> _TASK PROMPT_
Set down every record below exactly as it stands, minus the pictures.

++++++

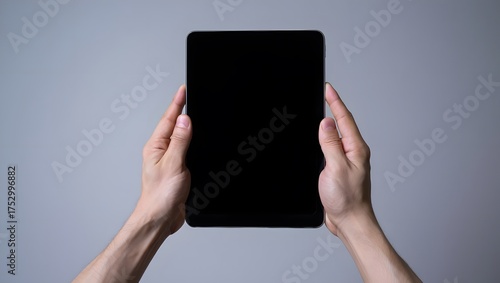 hands hold tablet pro device against white background. Digital tech, blank screen for app, web design. Portable smart device, communication, modern design, tech usage,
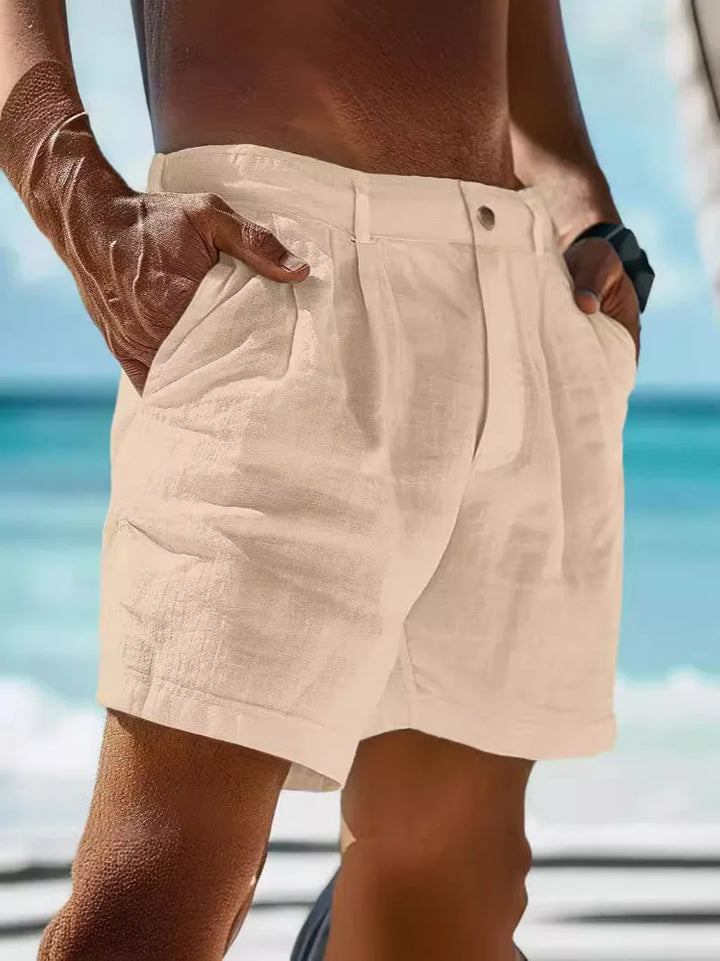 Man wearing khaki breathable summer shorts by the beach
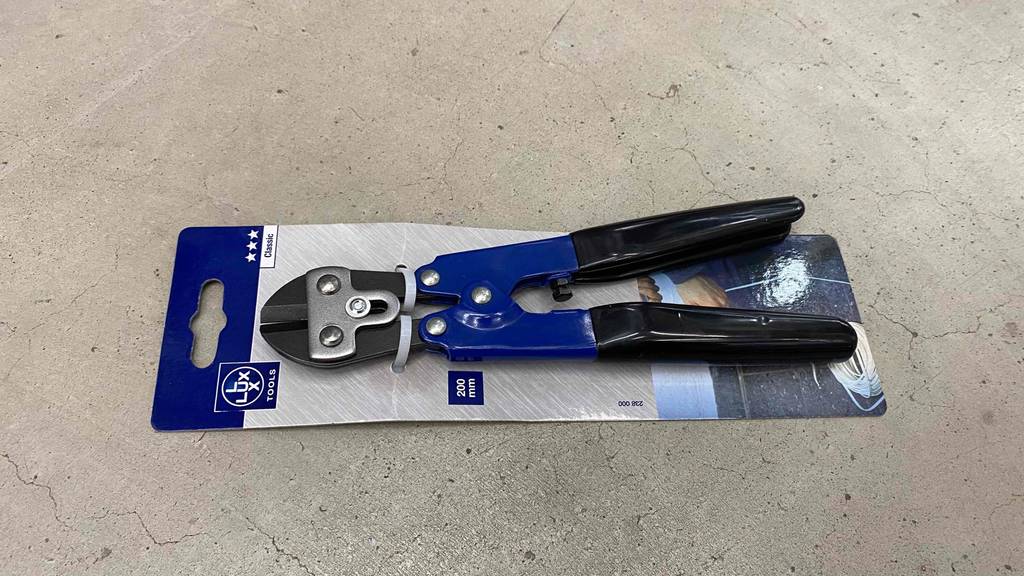 Getesteter Bolzenschneider liegt auf steiniger Oberfläche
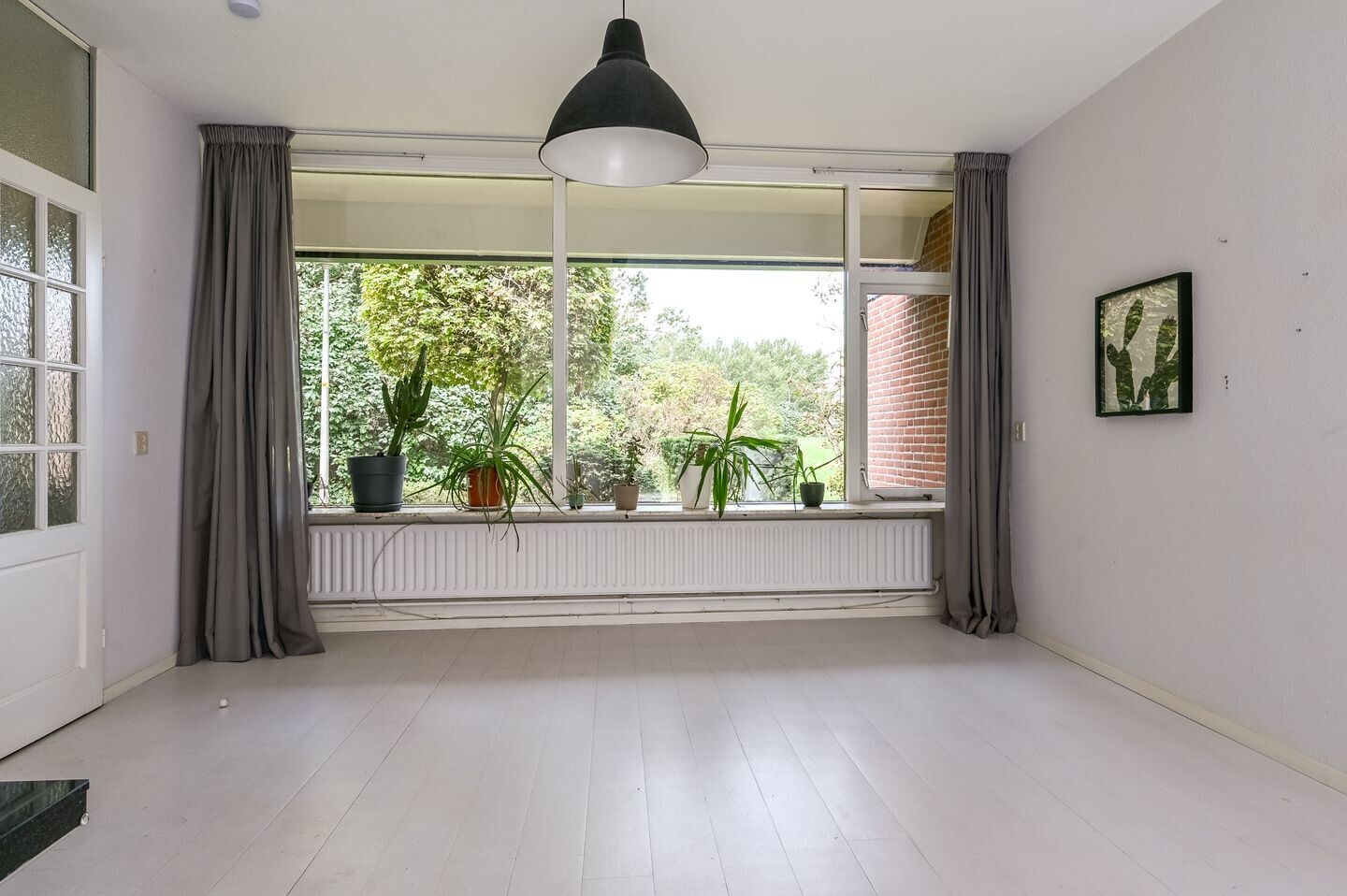 Tussenwoning te koop: Minister van Houtenlaan 4, Velsen-Zuid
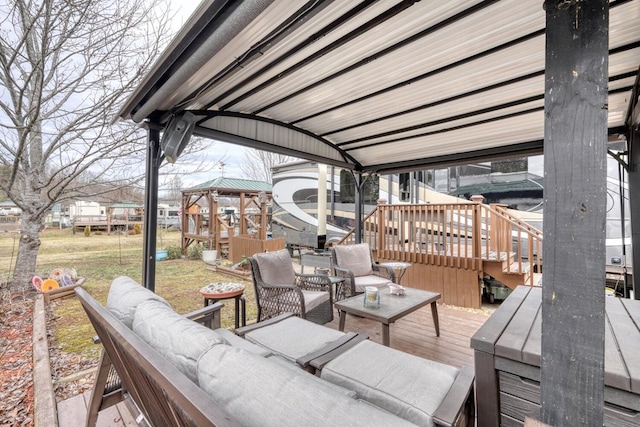 wooden deck featuring a gazebo and outdoor lounge area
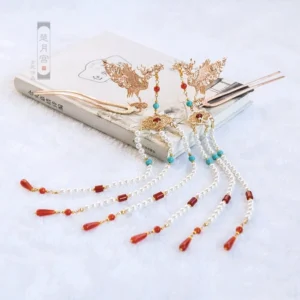 Pair of gold tone phoenix Hanfu hairpins with red and blue decorative stones, long beaded tassels and red teardrop pendants on book display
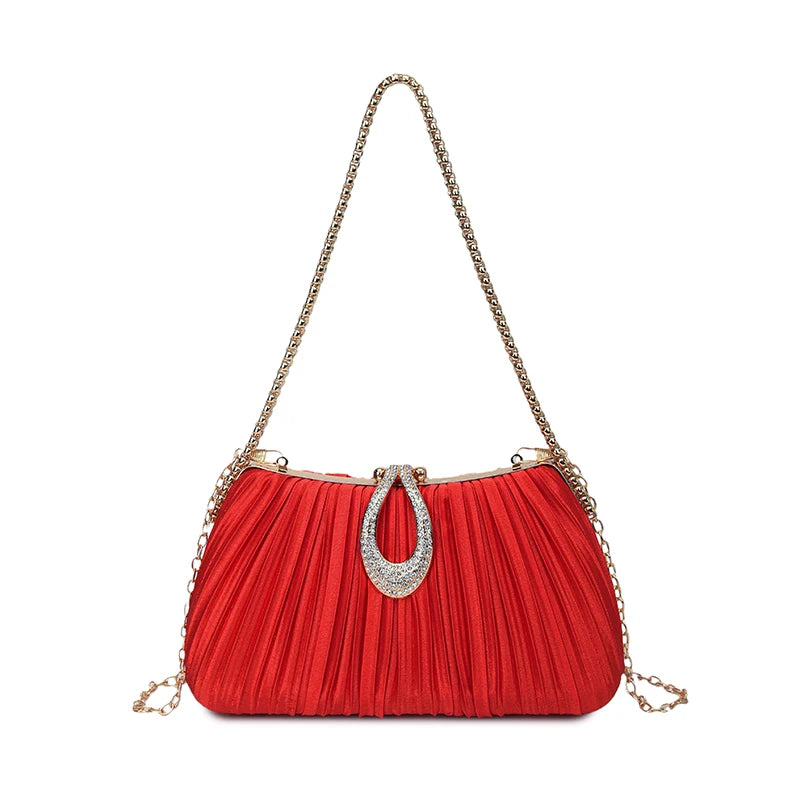 A red pleated evening clutch bag with a gold chain strap and a silver rhinestone closure.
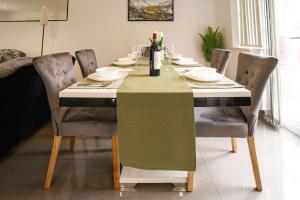 a dining room table with a green table cloth on it at Relaxing 5BDR Retreat Hot Tub in Allesley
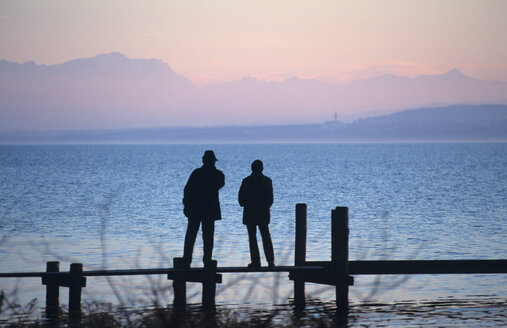 Silhouette eines Mannes und einer Frau auf der Uferpromenade, Rückansicht, Ammersee, Bayern, Deutschland - UMF00111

++++++

> _TASK SOLUTION_
 hands hold tablet pro device against white background. Digital tech, blank screen for app, web design. Portable smart device, communication, modern design, tech usage,
 Man wearing khaki breathable summer shorts by the beach
 Getesteter Bolzenschneider liegt auf steiniger Oberfläche
 Tussenwoning te koop: Minister van Houtenlaan 4, Velsen-Zuid
 wooden deck featuring a gazebo and outdoor lounge area
 Pair of gold tone phoenix Hanfu hairpins with red and blue decorative stones, long beaded tassels and red teardrop pendants on book display
 A red pleated evening clutch bag with a gold chain strap and a silver rhinestone closure.
 a dining room table with a green table cloth on it at Relaxing 5BDR Retreat Hot Tub in Allesley
 Silhouette eines Mannes und einer Frau auf der Uferpromenade, Rückansicht, Ammersee, Bayern, Deutschland - UMF00111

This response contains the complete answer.